WHAT TO PRODUCE> Give back each entry exactly as written, apart from the pictures.

§ §

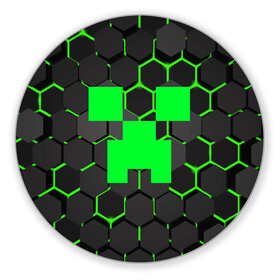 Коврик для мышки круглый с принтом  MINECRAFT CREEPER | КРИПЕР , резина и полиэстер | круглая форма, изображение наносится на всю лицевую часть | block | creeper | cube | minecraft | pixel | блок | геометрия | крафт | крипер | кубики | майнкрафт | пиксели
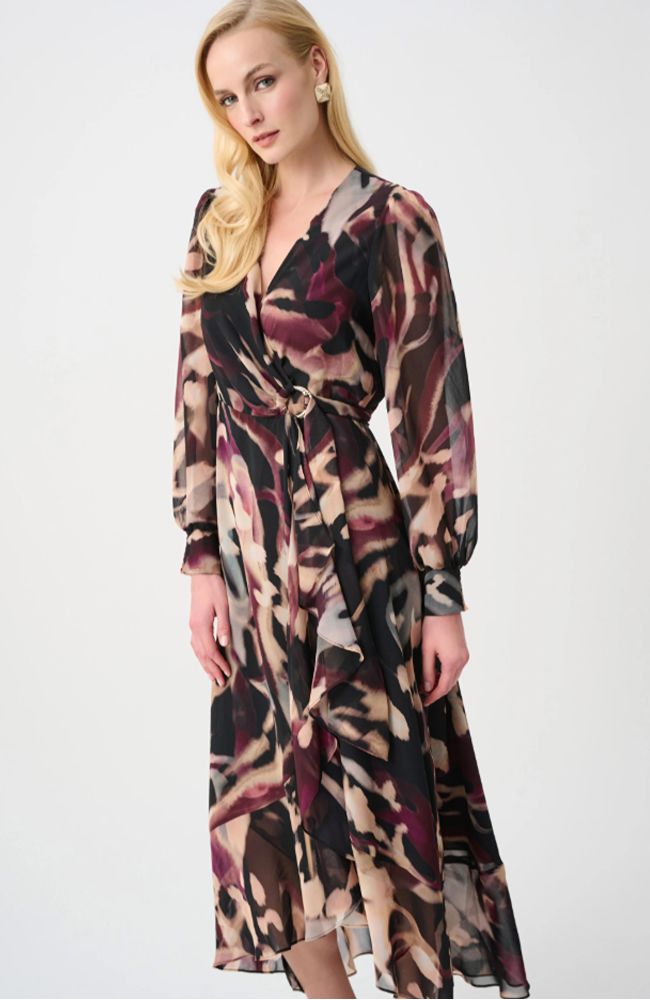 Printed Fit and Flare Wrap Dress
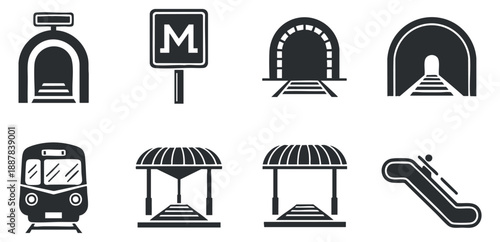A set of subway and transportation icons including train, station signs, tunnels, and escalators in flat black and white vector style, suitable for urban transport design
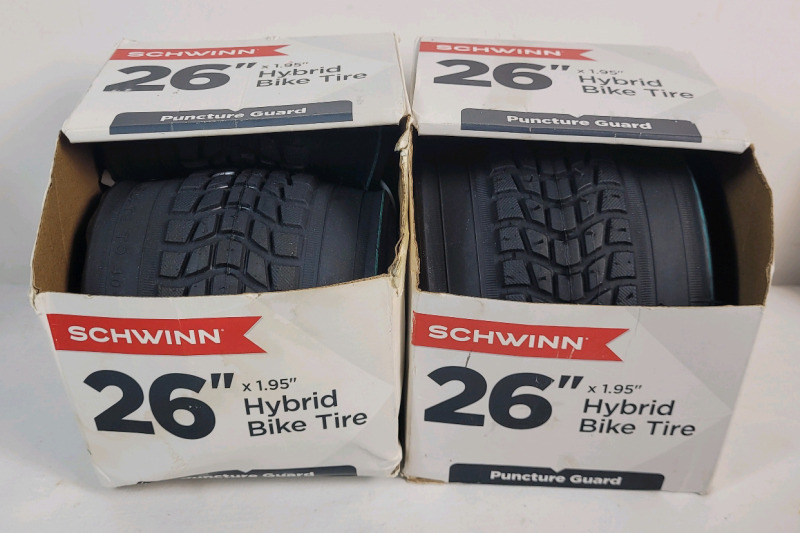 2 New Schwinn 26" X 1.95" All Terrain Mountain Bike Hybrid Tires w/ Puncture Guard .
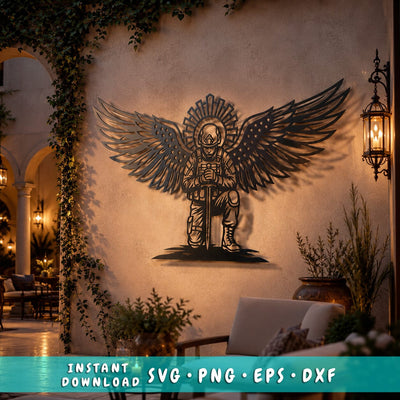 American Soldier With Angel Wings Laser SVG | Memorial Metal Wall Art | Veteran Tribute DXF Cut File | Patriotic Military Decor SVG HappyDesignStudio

§ §

SOLVED PROBLEM>
 Коврик для мышки круглый с принтом  MINECRAFT CREEPER | КРИПЕР , резина и полиэстер | круглая форма, изображение наносится на всю лицевую часть | block | creeper | cube | minecraft | pixel | блок | геометрия | крафт | крипер | кубики | майнкрафт | пиксели
 Printed Fit and Flare Wrap Dress
A set of subway and transportation icons including train, station signs, tunnels, and escalators in flat black and white vector style, suitable for urban transport design
 2 New Schwinn 26" X 1.95" All Terrain Mountain Bike Hybrid Tires w/ Puncture Guard .
 American Soldier With Angel Wings Laser SVG | Memorial Metal Wall Art | Veteran Tribute DXF Cut File | Patriotic Military Decor SVG HappyDesignStudio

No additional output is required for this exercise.